Implement config file reloading and improve the config parser #47

Closed pgaskin closed 4 years ago

pgaskin commented 4 years ago

This PR implements config file reloading.

Every time the menu is opened, the config files are scanned. If the number of files or the modification time of one changes, they are re-parsed and re-generated. If there is a config error or I/O error while parsing or scanning the files, an item is added showing it like usual. If there aren't any config entries, the usual one referring to the documentation is shown.

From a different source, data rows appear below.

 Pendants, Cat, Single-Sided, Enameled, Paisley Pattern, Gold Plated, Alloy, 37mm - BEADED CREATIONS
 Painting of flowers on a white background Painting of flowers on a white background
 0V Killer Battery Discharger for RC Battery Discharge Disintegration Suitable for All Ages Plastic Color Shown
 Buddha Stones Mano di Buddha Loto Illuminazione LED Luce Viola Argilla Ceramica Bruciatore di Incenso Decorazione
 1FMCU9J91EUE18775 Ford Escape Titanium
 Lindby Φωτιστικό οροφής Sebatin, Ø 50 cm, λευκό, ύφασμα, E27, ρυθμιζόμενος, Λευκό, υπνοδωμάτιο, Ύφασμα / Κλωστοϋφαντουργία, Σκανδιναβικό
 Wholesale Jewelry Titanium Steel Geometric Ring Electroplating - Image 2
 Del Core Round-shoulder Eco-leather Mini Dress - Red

There should not be any noticeable delay in opening the menu, except around another 200ms (up to 500ms) when opening it after a config change.

closes #42


For the config parser improvements, see https://github.com/geek1011/NickelMenu/pull/47#issuecomment-646444323.

closes #48

pgaskin commented 4 years ago

This is ready for testing.

In particular, I'd like someone to try and break the update mechanism (try and make it incorrectly detect an update or lack thereof, also ensure the items are in the correct order, make sure it still works correctly after a USBMS session), I want to make sure I didn't leave any edge cases (no menu items, etc) unhandled, and I would like another pair of eyes on the pointer/memory handling in nm_global_* in init.c (to make sure I free things properly and swap things out under the right conditions).

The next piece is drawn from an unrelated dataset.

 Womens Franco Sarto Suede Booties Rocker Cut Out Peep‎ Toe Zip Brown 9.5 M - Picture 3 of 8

In addition, you shouldn't be able to cause it to crash at any point (e.g. I tested that it wouldn't crash if the config files were modified while a menu was open and an item was pressed, and it worked fine because we only check for config updates when the menu is opened).

Also, @NiLuJe, can you ensure that your KFMon generator works with KFMon running, with KFMon changes (you'll need to touch a config file for now, but I'd be happy to hear ideas to do it automatically), without KFMon running, and with KFMon unresponsive?

P.S. A code review would also be appreciated.

pgaskin commented 4 years ago

I do have one idea for automatic updates for KFMon: In another PR, I could implement generator updates and the KFMon one could check the mtime of the socket (which KFMon can touch every time there is a change).

shermp commented 4 years ago

I'm trying to figure my way through the code, but I have to admit, first impressions are... convoluted. Mainly around the nm_global_config_update and nm_global_config_items

More thoughts when I can (hopefully) figure most things out.

shermp commented 4 years ago

The code in config.c seems fine to me. What perplexes me is the global config management. To me, it seems a mess of global functions operating on a mess of global variables.

I would have thought a better way would be to have a single global struct that contains all the required state, with the required updating functions updating it directly, preferably via a pointer parameter (to make it clear what's being modified).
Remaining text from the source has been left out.